• **DATA PROVIDED**:
========================

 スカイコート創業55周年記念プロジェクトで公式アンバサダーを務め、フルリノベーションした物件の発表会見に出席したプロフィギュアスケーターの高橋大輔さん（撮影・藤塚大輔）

========================

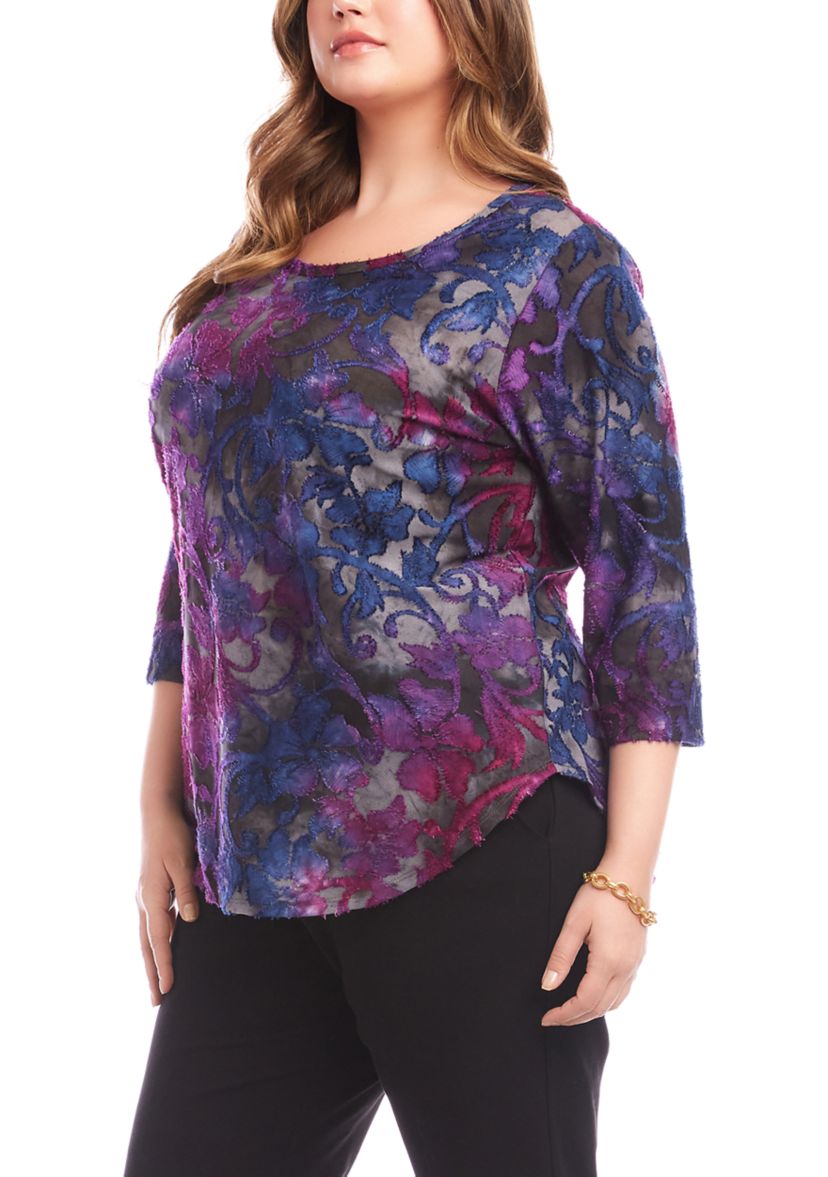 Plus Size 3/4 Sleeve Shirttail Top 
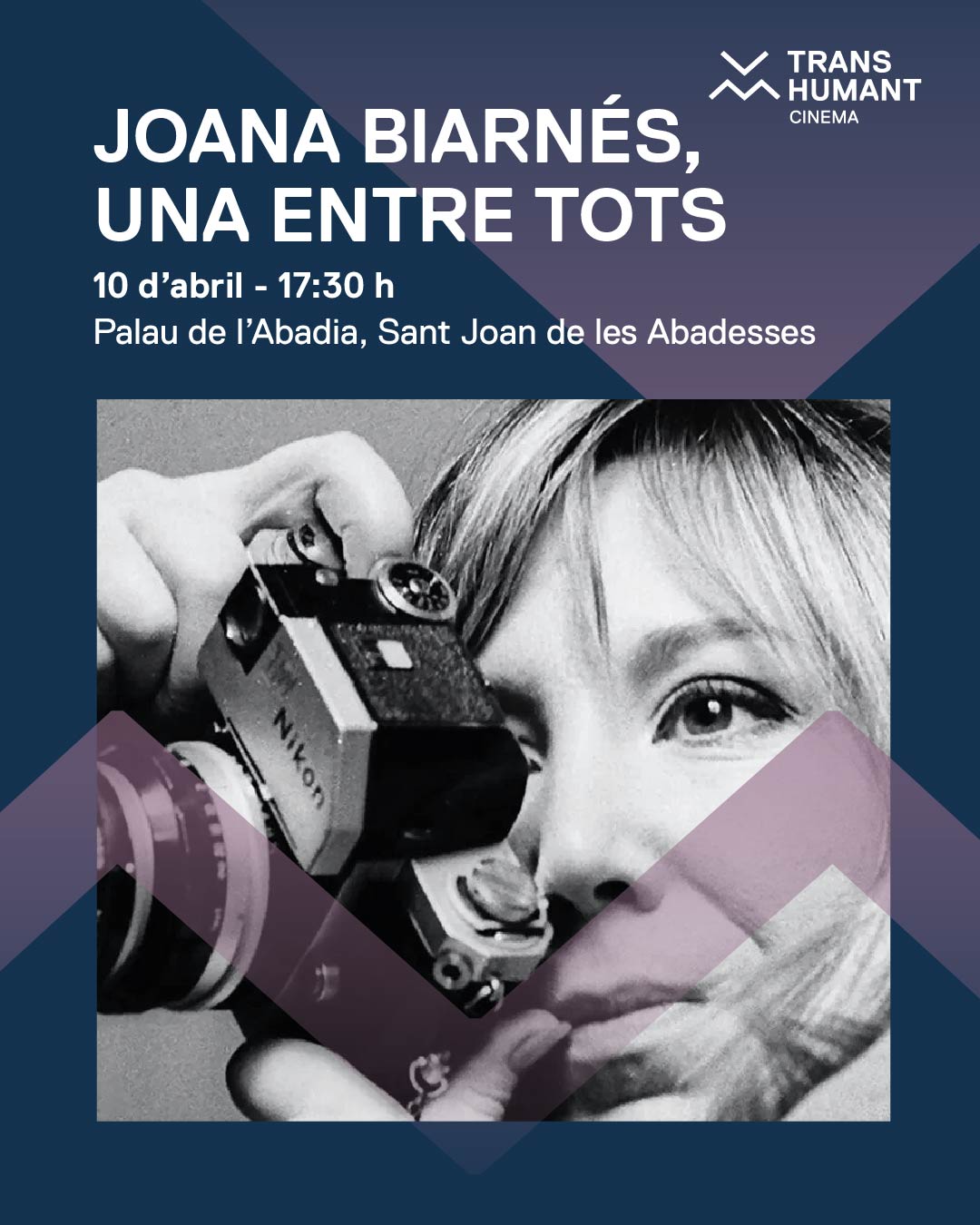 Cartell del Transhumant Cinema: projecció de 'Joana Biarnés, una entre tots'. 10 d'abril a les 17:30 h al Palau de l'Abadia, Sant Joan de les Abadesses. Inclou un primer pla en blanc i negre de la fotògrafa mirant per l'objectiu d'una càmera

========================

• **EXERCISE BRIEF**:
Using the records above, return verbatim only the part that opens with the line containing "Plus Size 3/4 Sleeve Shirttail Top" and closes with the line containing "Cartell del Transhumant"; pictures stay out.

• **RESULT OF THIS EXERCISE**:
 Plus Size 3/4 Sleeve Shirttail Top 
 Cartell del Transhumant Cinema: projecció de 'Joana Biarnés, una entre tots'. 10 d'abril a les 17:30 h al Palau de l'Abadia, Sant Joan de les Abadesses. Inclou un primer pla en blanc i negre de la fotògrafa mirant per l'objectiu d'una càmera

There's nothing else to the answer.